The backing band and tight and very melodic, they compliment Natalies voice no-end.
The albums accoustics are well structured and placed around natalie's voice in order to reamain prominent but not to hinder the superiority or her vocals. The HDCD capabilities of this cd are subtle but they do give the vocals that extra edge as well as defining the band further more, it especially pronounces the guitar, which is prominent throughout.
The album lends it's self to different systems more profoundly than other albums that I have listened to, with a strong mid-range the album perferes the more defined system, but at the same time requires powerfull underlying support if it is to sound full and alive.
She really does have the most beautiful voice in music.
Natalie Merchant rarely writes happy songs these days it seems. Even the previously upbeat "Wonder" gets slowed down and retrod in the initial stages, and of the entire CD only that and "Gun Shy" (an odd choice from an album as seminal as In My Tribe) seem to have much tempo to them. What Natalie Merchant does do though is write some of the best slow songs on the business, and for a night relaxing after a hard day at work she has the sort of voice that you could pray for.
Live In Concert was an odd release, coming only 2 albums into her solo career (and incidentally only 2 albums after 10,000 Maniacs Unplugged), and like her other solo material her territorial markings are all over it.
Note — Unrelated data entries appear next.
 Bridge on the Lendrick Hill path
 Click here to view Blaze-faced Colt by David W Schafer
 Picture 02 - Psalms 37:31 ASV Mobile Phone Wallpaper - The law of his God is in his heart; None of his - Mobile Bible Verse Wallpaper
With only 2 10kM songs cannibalised for the album, both rendered remarkably closely to the original arrangements, the majority of the album is taken from Tigerlily, with 3 'interesting' covers thrown in for good measure. Its worth adressing the cover versions first, if only because each of them brings a special degree of magic to the collection.
Merchant seems unsure whether "Space Oddity" should be sarcastic or tragic, but that just adds to her delivery as it seems to become maternal- and Merchant is always happiest when she is scolding us. Major Tom is the victim of his own success, and she seems to be guilty in her sorrow at his passing. "After the Gold Rush" on the other hand is the sort of poetry Merchant likes to write, and likes to sing. Her voice excels at this type of song, and the inclusion of Mother Nature satisfies her attraction to the twin causes of femininity and environmentalism. Her languid delivey of the song does it many favours and Neil Young should be very proud. The third cover is the most impressive, as Merchant tackles a song she obviously loves, Katell Keineg's "Gulf of Araby". The love she has for the song and her passionate delivery of the lyrics is all her own. Having heard Merchant and Keineg duet on this song I had hoped that version would be on this live collection, but Natalie is more than capable of telling us 'What is and what can never be' on her own.
Merchant seems less passionate in a lot of cases about her own songs, a serious flaw. "Beloved Wife" is almost lacklustre, while "Wonder" is done no favours. Comparatively, "San Andreas Fault" is rendered significantly better here than on Tigerlily, while "Carnival" is also given a strong polished live sheen.
Predictably, when she gets to Tigerlily's ultimate ballad, Merchant comes alive big style. "Seven Years" closes the album on a fantastic high, her voice soaring and swooping throughout. She throws herself into it in a way that makes you want more, even to listen to the album again just to reach that crescendo. Amazing.
Beautiful, warm, emotional - my fave for the last six months
I've got a lot of live albums to compare it to, and this is one of a tiny handful which really take the artist's material to a new level. I've liked both the 10,000 Maniacs and Natalie's own work for a while now, but "Live In Concert" is a revelation. The instrumentation is warm, full and atmospheric and Natalie sings with an intensity which leaves me emotionally drained after listening to the album right through -- which is what I usually end up doing. The album has been described as sombre, but I find it immensely moving and uplifting. A 'must have'.